Kaufpreise: Behutsame Erholung auf hohem Niveau

Die Kaufpreise für Eigentumswohnungen in Freiburg haben sich im zweiten Quartal 2026 bei durchschnittlich 6.016 Euro pro Quadratmeter eingependelt, wobei die Preisspanne je nach Lage zwischen 3.414 und 9.243 Euro pro Quadratmeter variiert. Nach einer leichten Quartalskorrektur von -0,77 Prozent zeigt die Jahresentwicklung mit +3,80 Prozent eine solide Aufwärtsbewegung.

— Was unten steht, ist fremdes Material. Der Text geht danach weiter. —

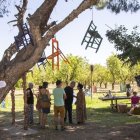 Àngels Folguera mostra algunes de les seues cadires. - LAIA PEDRÓS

Bestandswohnungen aus jüngeren Baujahren liegen laut aktuellen Marktdaten bei durchschnittlich 4.970 Euro pro Quadratmeter, während Neubauwohnungen mit rund 6.700 Euro pro Quadratmeter zu Buche schlagen. Die Höchstpreise aus der Niedrigzinsphase sind damit in Freiburg mittlerweile fast wieder erreicht.
Bei Einfamilienhäusern notieren die Preise im Bestand bei durchschnittlich 5.059 Euro pro Quadratmeter. Freistehende Einfamilienhäuser kosten im Schnitt 891.000 Euro, Doppelhaushälften liegen bei 804.000 Euro und Reihenmittelhäuser bei 709.000 Euro.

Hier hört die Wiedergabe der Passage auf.